Asif Raza

Personal information
- Full name: Asif Raza
- Born: 11 January 1987 (age 39) Lahore, Punjab, Pakistan
- Batting: Left-handed
- Bowling: Right-arm fast-medium
- Role: Bowling all-rounder

Domestic team information
- 2006/07–2014/15: Lahore Lions
- 2015/16–2016/17: Lahore Whites
- 2019: Kalutara Town Club

Career statistics
| Competition | First-class | List A | Twenty20 |
| Matches | 64 | 38 | 33 |
| Runs scored | 1,842 | 446 | 313 |
| Batting average | 18.05 | 15.92 | 18.41 |
| 100s/50s | 1/3 | 0/0 | 0/1 |
| Top score | 109 | 37 | 53* |
| Balls bowled | 8,852 | 1,623 | 399 |
| Wickets | 189 | 41 | 22 |
| Bowling average | 25.47 | 35.70 | 20.27 |
| 5 wickets in innings | 12 | 0 | 0 |
| 10 wickets in match | 1 | 0 | 0 |
| Best bowling | 8/101 | 4/45 | 4/16 |
| Catches/stumpings | 17/– | 4/– | 9/– |
- Source: Cricinfo, 14 April 2026

= Asif Raza =

Pakistani cricketer

Asif Raza (born 11 January 1987) is a Pakistani former cricketer. Raza was a left-handed batsman who bowled right-arm fast-medium. He was born in Lahore, Punjab.

Raza made his List A debut for Lahore Lions against Abbottabad Rhinos in the ABN-AMRO Cup in March 2006, and made his Twenty20 debut for the Lions against Rawalpindi Rams in December 2006. He made his first-class debut for Lahore Ravi against Islamabad in January 2007. He also represented a number of Lahore regional sides, including Lahore Blues, Lahore Eagles, Lahore Lions and Lahore Whites, and he later also played first-class cricket for Kalutara Town Club in Sri Lanka.

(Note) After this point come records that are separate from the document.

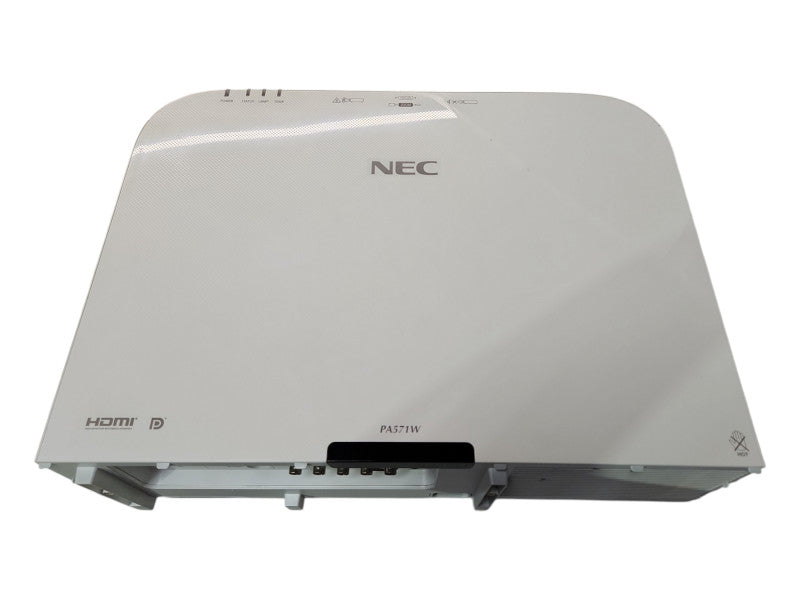 NEC NP-PA571W WXGA 5700 Lumens Projector, Lamp Hour: 17Hrs, No Remote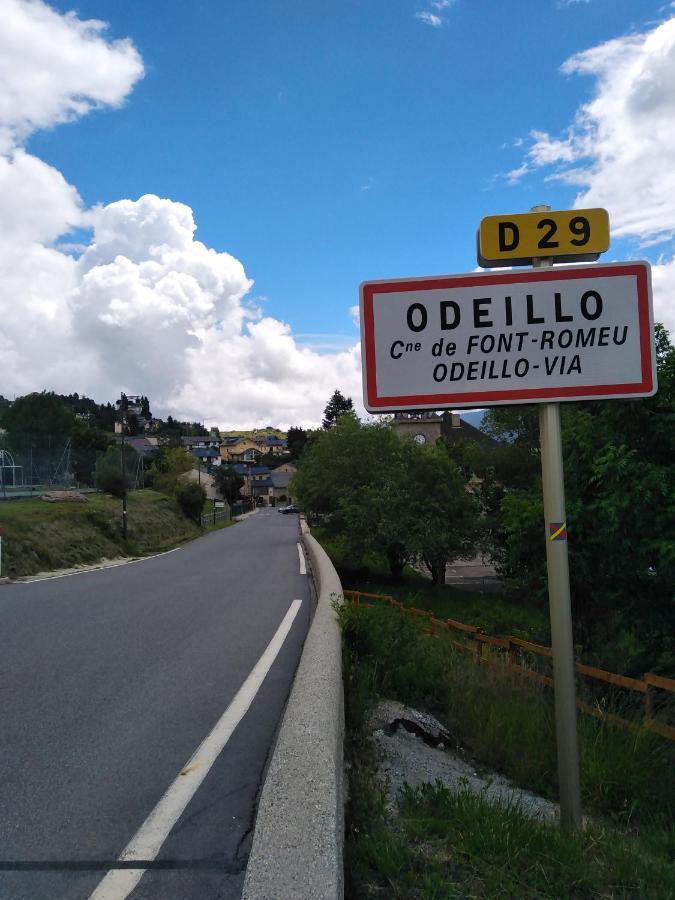 Font-Romeu Via Odeillo Jolie Appartement 6 Personnes Plein Sud Kültér fotó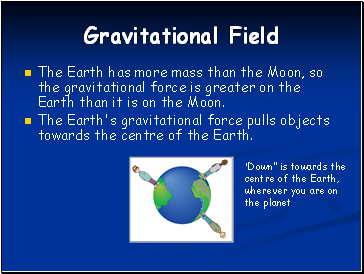 Gravitational Field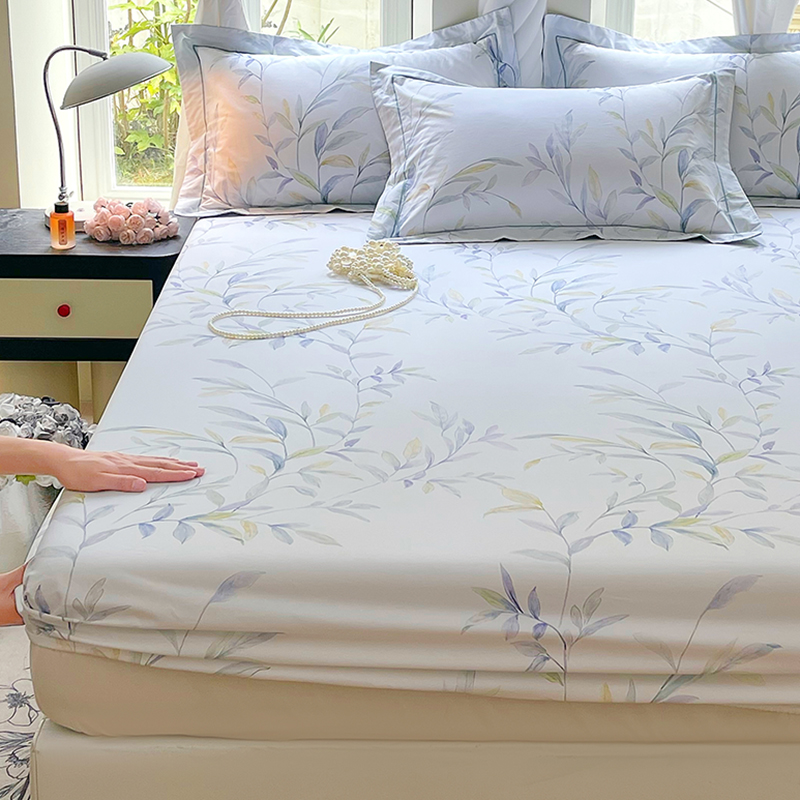 夏季全棉床罩纯棉床笠罩单件防滑床单席梦思床垫保护套罩2025新款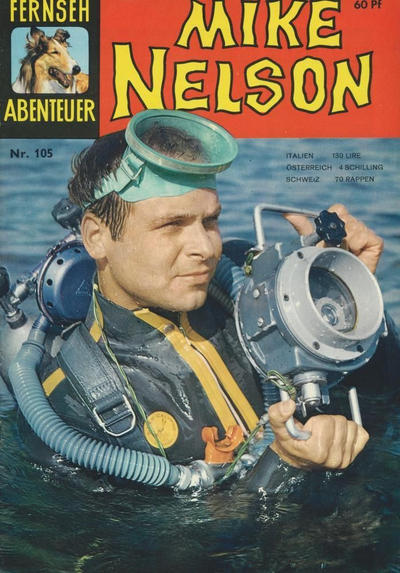 Cover for Fernseh Abenteuer (Tessloff, 1960 series) #105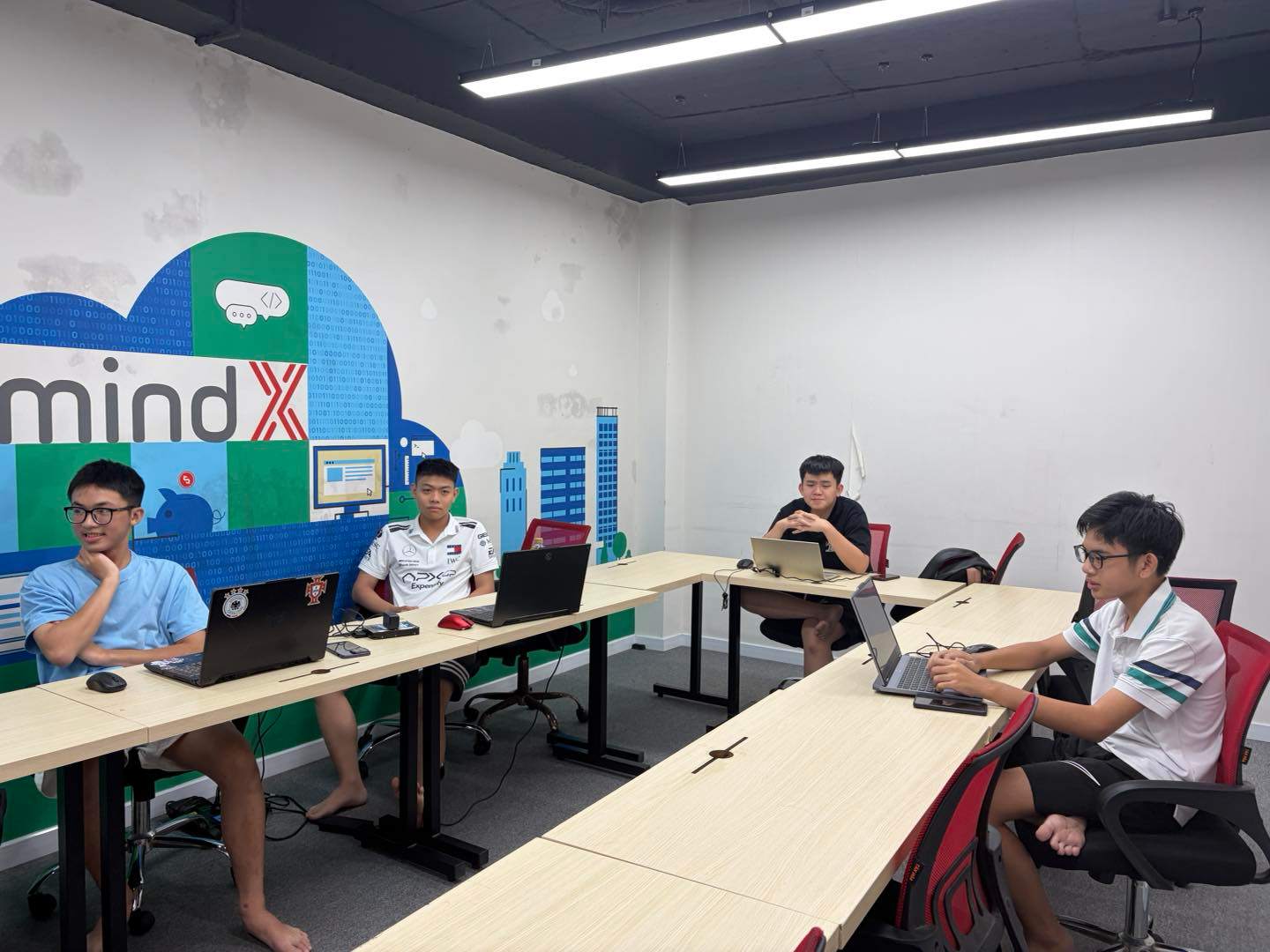 Trường Trường học Công nghệ MindX - MindX Technology School - Nguyễn Phong Sắc
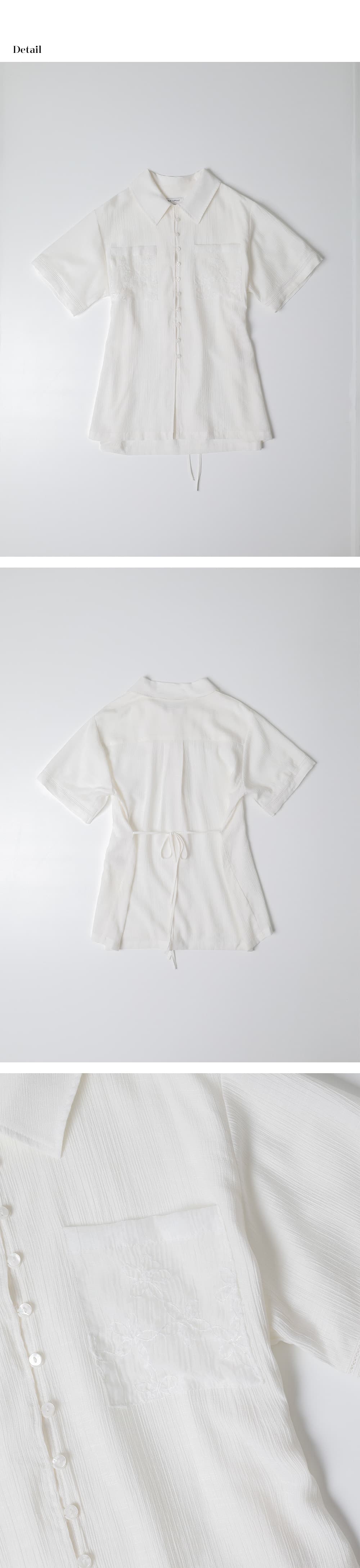 lace point wrinkle shirt (ivory) orc 6049 — vue 8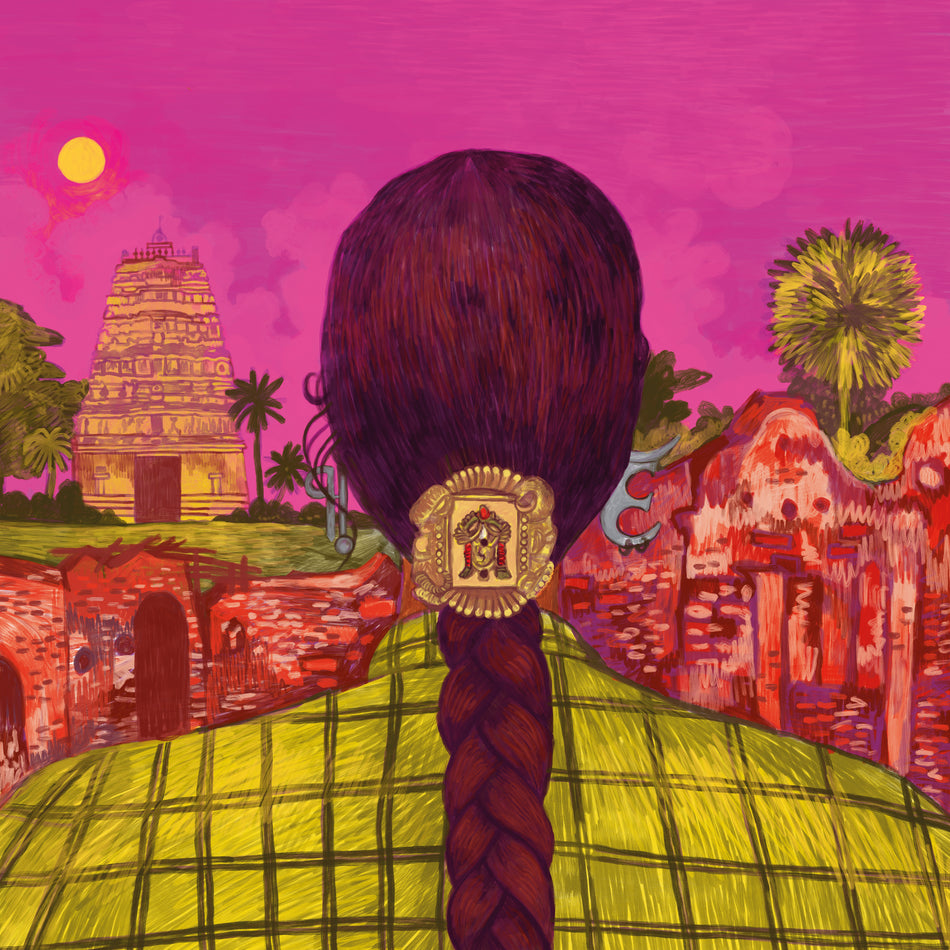 SANTHOSAM - Back Cover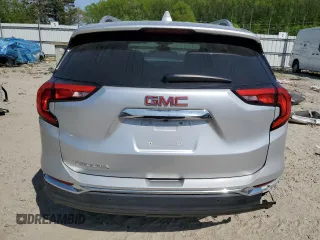 2018 GMC Terrain SLT with VIN 3GKALPEV5JL284131, listed as a Copart auction lot 53250595 with 91,230 mi miles and Salvage Title. Bid and sale history available at DreamBid. Image 6.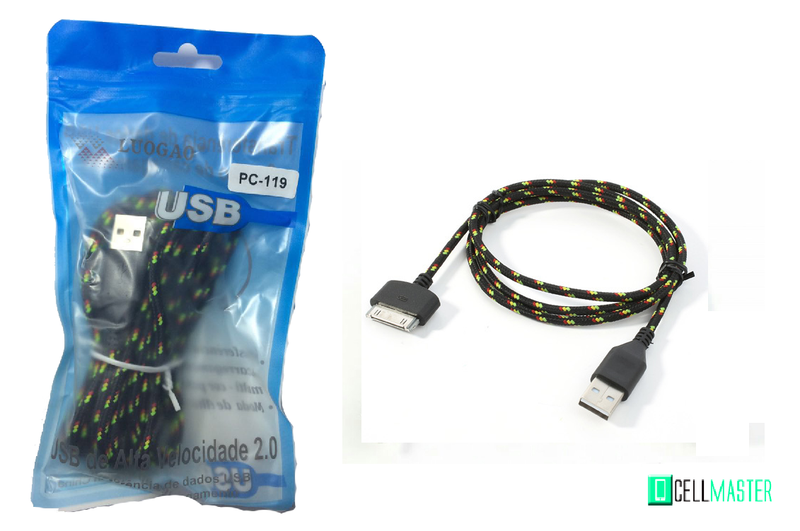 CABO IPHONE 4 DE CORDA DE 3 METROS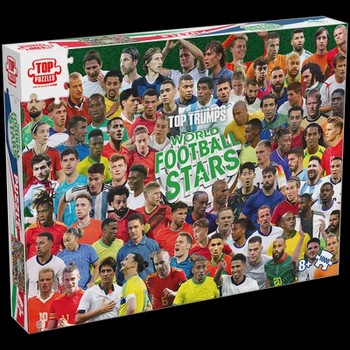 Winning Moves - World Football Stars Jigsaw Puzzle - WM05851-ML1-6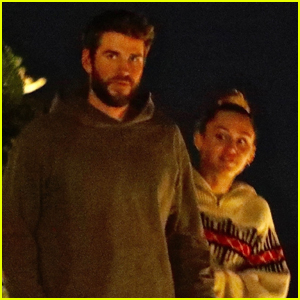 Miley Cyrus & Liam Hemsworth Step Out for Dinner in Malibu!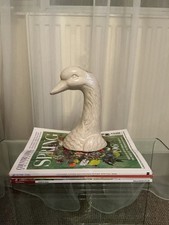 Ceramic Goose Or Swan Figurine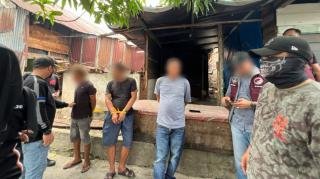 Operasi Sarang Narkoba di Pekanbaru, Enam Pria Positif Narkotika Diamankan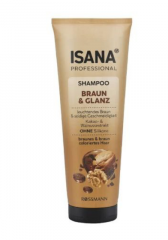 ISANA PROFESSIONAL Professional Shampoo Braun &amp; Glanz ISANA ПРОФЕССИОНАЛ Профессиональный шампунь для придания цвета коричневому оттенку и блеска 250мл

In November 2011, Raza produced what was then the best bowling figures of his first-class career when he took 7 wickets for 40 runs for Lahore Shalimar against Multan in the 2011–12 Quaid-e-Azam Trophy. In February 2014, he made 35 for Lahore Lions in their quarter-final win over Multan Tigers, sharing a sixth-wicket partnership of 82 with Saad Nasim after the side had slipped to 38 for 5. Later that year, he was among the Lahore Lions players called to the training camp ahead of the Champions League T20 qualifying stage in India.

By the 2015/16 season, Raza was playing for Lahore Whites. In November 2015, he made 41 and took 5 wickets for 91 runs against Habib Bank Limited in the 2015–16 Quaid-e-Azam Trophy. The following season, he top-scored with 46 in Lahore Whites' first innings against Rawalpindi and then took 6 wickets for 57 runs in Rawalpindi's reply. He also made 44 for Lahore Blues against Karachi Whites in the 2016–17 National T20 Cup.

Raza later played first-class cricket for Kalutara Town Club in Sri Lanka, his final recorded senior appearances coming in March and April 2019.

Raza played in 64 first-class matches. In these, he has scored 1,842 runs at a batting average of 18.05, making 3 half-centuries and 1 century. His highest score is 109. With the ball, he has taken 189 wickets at a bowling average of 25.47, with best figures of 8/101, and has taken 12 five-wicket hauls and 1 10-wicket match haul.